# How far will you drive for a trial?



## wildo (Jul 27, 2006)

Last night I spent some time looking for trials I can attend. Pimg is now CPE, NADAC, and USDAA registered. Still working on PAL for AKC. I was kinda surprised just how few trials are in my area. I'll have to travel pretty far! In fact, I decided that I will draw the line at about 200 miles, or roughly 3 hours of drive time. I was only able to find 3 events (excluding AKC) for the rest of the year that fit that criteria. What a drag!

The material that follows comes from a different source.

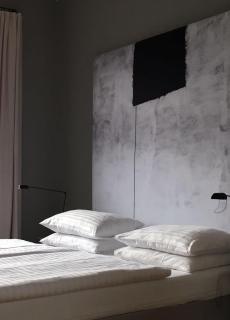 Strandhotel Margaretha - 1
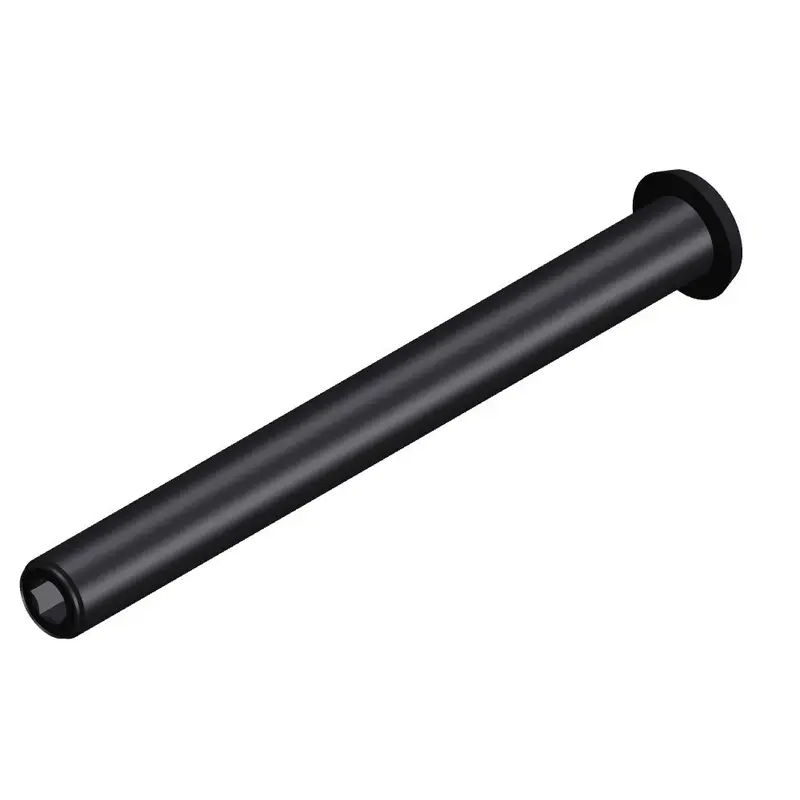 Pivot Passant Avant 12x100mm 119mm M12x1.50 - image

How far are you guys willing to go for a trial?


----------



## gsdraven (Jul 8, 2009)

Is it a day trip or weekend? I don't trial (yet) but I would travel 2-3 hours for an event for a day thing and probably 5-6 hours for 2+ days.


----------



## wildo (Jul 27, 2006)

All three I found were weekend (2 day) events.
I am curious though- Would you travel further because you will likely have to get a hotel anyway? Just curious why you would travel further for a multi-day event.


----------



## gsdraven (Jul 8, 2009)

wildo said:


> Would you travel further because you will likely have to get a hotel anyway?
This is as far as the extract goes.